Fr. Moses with Brig. Gen. Maria Gervais, US Army Chemical, Biological, Raiological and Nuclear School Commandant, at MLK celebration.
Fr. Moses with Brig. Gen. Maria Gervais, US Army Chemical, Biological, Raiological and Nuclear School Commandant, at MLK celebration.

FT. LEONARD WOOD, MO [MW Diocese Communications] -- Archpriest Moses Berry, Rector of the Theotokos "Unexpected Joy" Mission, Ash Grove, MO, delivered the keynote address at the Dr.
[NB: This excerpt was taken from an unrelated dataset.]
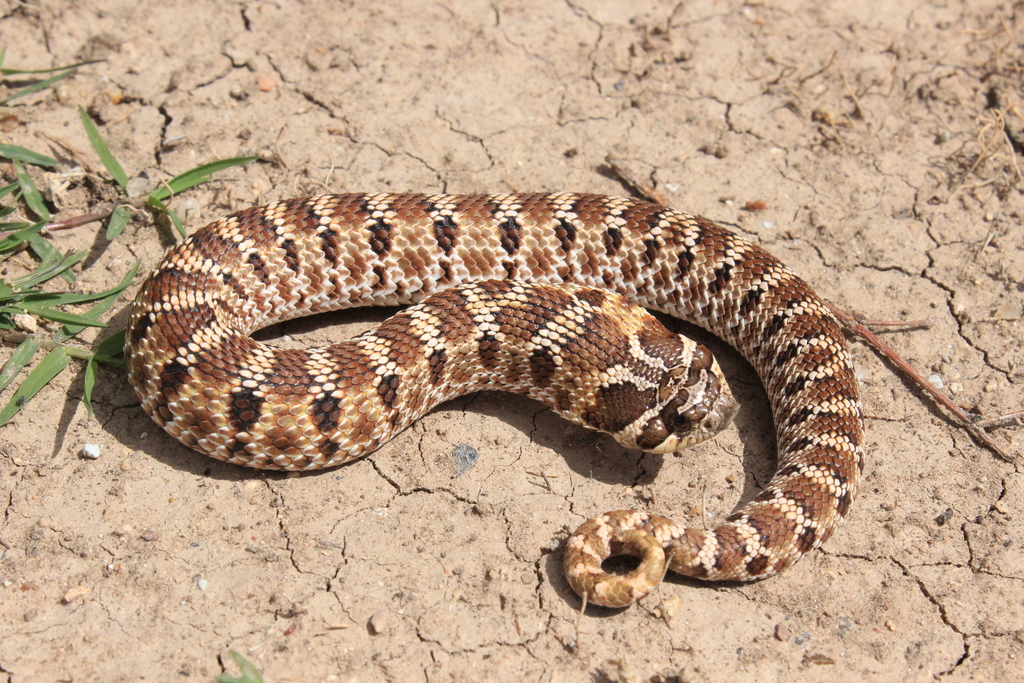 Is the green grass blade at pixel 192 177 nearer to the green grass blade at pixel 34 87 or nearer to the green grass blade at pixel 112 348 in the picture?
the green grass blade at pixel 112 348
Martin Luther King, Jr. observance and luncheon at the Pershing Community Center at Fort Leonard Wood, MO in mid-January 2016.
 
In addition to his pastoral duties, Father Moses is the Curator of the Ozarks Afro-American Heritage Museum.  His family is well known in southwest Missouri as being an African-American family living on the same property for more than 125 years, and he has worked hard over the years to share that legacy and preserve African-American history in the Ozarks.
 
“I live in a house that my great grandfather and great grandmother built in 1871,” said Father Moses.  “I was raised in a place where there was community.”
 
Father Moses went on to relate the story of Fanny Murray, a freed slave living in his hometown after the Civil War.  His grandfather built a house for her on the site of his present church.
 
“She didn’t have anywhere to live.  She had to rely on the kindness of strangers,” he said.
 
To illustrate the celebration's theme -- "A Day On, Not a Day Off!" -- Father Moses talked about Murray’s daughter, Olivia, who died in 1991.  He recalled the many times he would see her walking around town, always carrying a basket filled with eggs and produce from her farm which she would share with families down on their luck.  His mother told him that “she saved many lives around here, including ours.
 
“If we want to know how we can not take a day off, but have a day on, it is to minister to one another,” Father Moses emphasized, explaining that in this instance "to minister" is synonymous with doing kindness for those in need and being willing to go a little bit further than is necessary.  He went on to speak about the value of remembering the past while explaining several artifacts pertaining to African-American history, and concluded his presentation by calling upon his audience to remember that Dr. King wanted “fairness for everyone.”
 
“How do we demonstrate that fairness?  By loving those who, spitefully use and say all manor of evil against us.  That is how we honor Martin Luther King,” Father Moses said.
 
Following Father Moses' address, Col. Daryl Hood, 3rd Chemical Brigade commander, honored him with a commemorative plaque.